We categorized what we wanted to write about and work on and kind of going back and looking at the history of blockcerts and specific things that were added, and an extension that were added, and looking more closely at the verifiable credentials schema. Kind of more so on the history than an outline approach. No obstacles really, it's more just getting in the right mindset of things and then individual research tasks and then we can sync back together and compare notes.

# Proof of personhood

We're moving along okay. We have an outline and a table of contents. There will be challenges in finding the solution. We're doing fine, I think, so far. We had some good references and finding good documentation and stuff. So that's nice. We're really challenged until we know the solution.

# Shamir secret sharing

The big obstacles we've been dealing with are terminology and naming. Share is a noun and a verb. We're no longer using share, now we're using shard. We spent half the morning making a glossary and fixing it. Make sure you have your glossaries setup.

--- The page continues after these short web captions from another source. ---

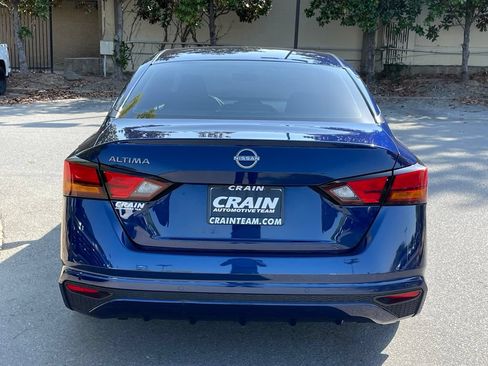 Used 2025 Nissan Sentra SV FWD image 6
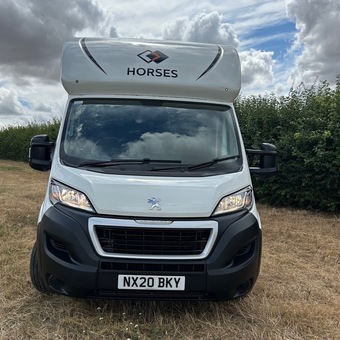 Overlander R160 Peugeot Horsebox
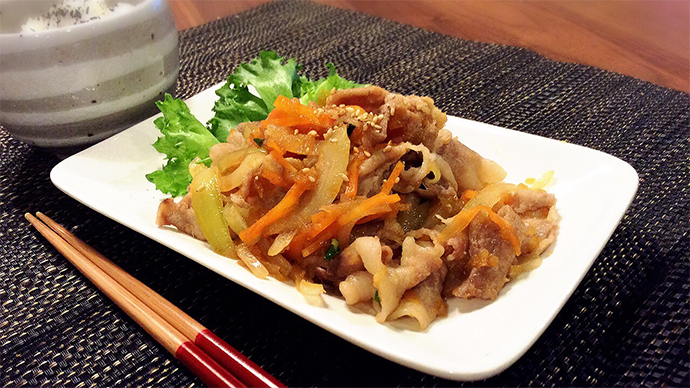 サカママレシピ ―リンゴたっぷり豚生姜焼き―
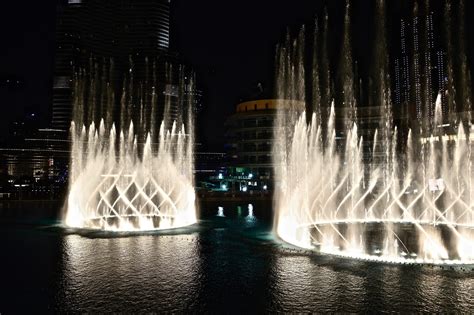 Night Fountain - Free Stock Photos | Life of Pix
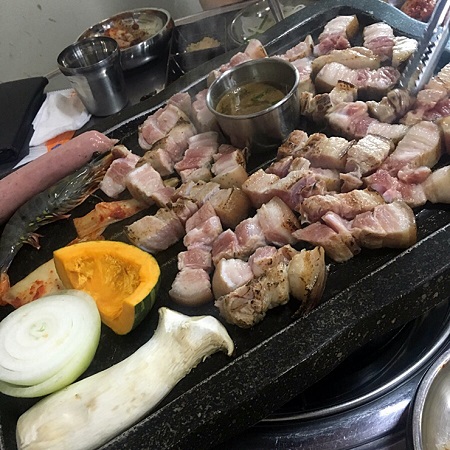 제주 애월 흑돼지 맛집 ‘애월 그때그집’, 두툼한 제주 흑돼지의 풍미로운 육즙 느낄 수 있어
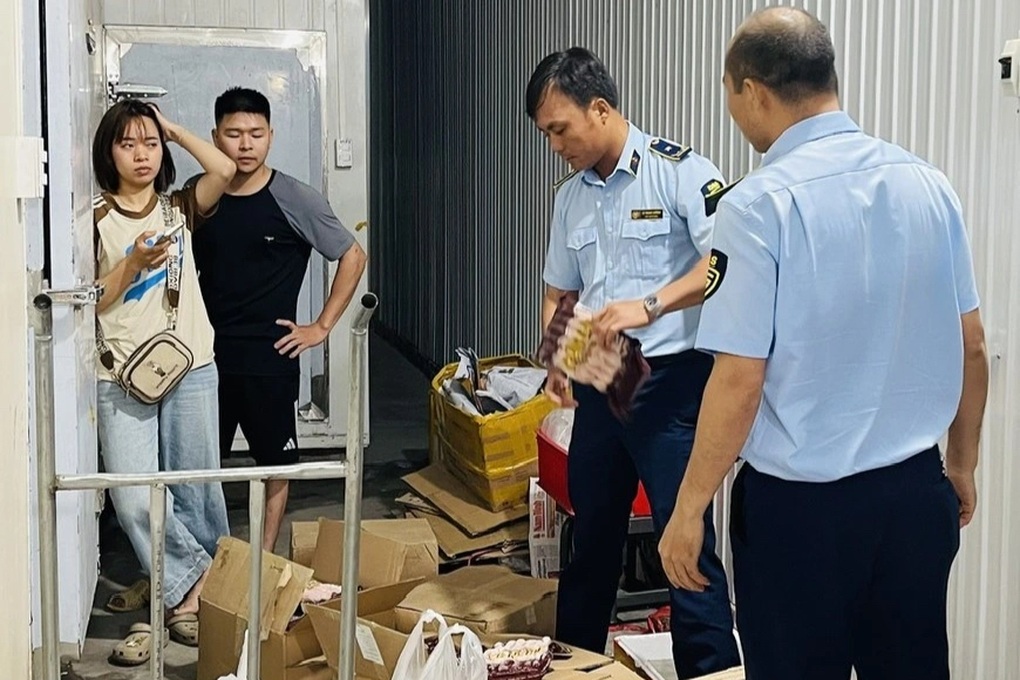 9 con lợn chết bốc mùi hôi thối được mang đi tiêu thụ - 2 9 con lợn chết bốc mùi hôi thối được mang đi tiêu thụ - 2
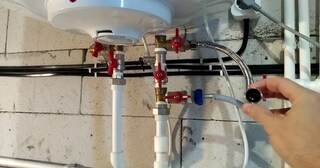 Установка накопительного водонагревателя в Новом Уренгое в октябре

The biggest aha was that we kept on doing it from the perspective of the person dealing the shards, but we were forgetting the person who is the custodian of those shards- the person who receives those shards. We need to work on the UX of what it means to collect your 100 shards which are all sent everywhere. Once you have a deck of shards, what do you do with it? Don't focus on what you did in the process; what were the insights, and what were the obstacles?

# Presentation request

Proof of response is not enough, that's not personhood. We're looking into the different approaches for presentation-request. We're looking at those approaches, both in terms of -- against credentials that are held... W3C credentials... the hyperledger approach.. supplied to us... encouraging thing we're finding here is that msot f people have independently, for the interaction, or whatever they were thinking -- and taking this information and -- most people are -- and .. the difference between things are.

# BTCR Continued

.. some issues with the ... could resolve... through the ...

# Concern for Minorities

No particular obstacles today. We're doing a ledger review. We're going through all the previous rwot papers having to do with web-of-trust or reputation.

# How cooperation beats aggregation

The insights were that-- one of the goals was to find ways that cooperative network effects would arise out of lowering trust transaction costs. We started defining some of those. It includes not just onboarding costs but verification costs, consent, contract costs, end-to-end data transfer costs, and provenance costs. These are all areas where a decentralized identity platform would help. We're trying to flesh out those ideas and better define a meta-platform in terms of its characterization.

# DID resolution v2

We were wondering how to handle a fork. It's actually surprisingly hard. Either you have to change the identifier, use url query params, and being able to define as a URI which of the definitive source of the DID document. So if I'm trying to resolve the identifier to an actual DID document, how do I know which one is useful and what are the implications on verifiable credentials using DIDs? It's an unresolved problem. We opened a github issue on that.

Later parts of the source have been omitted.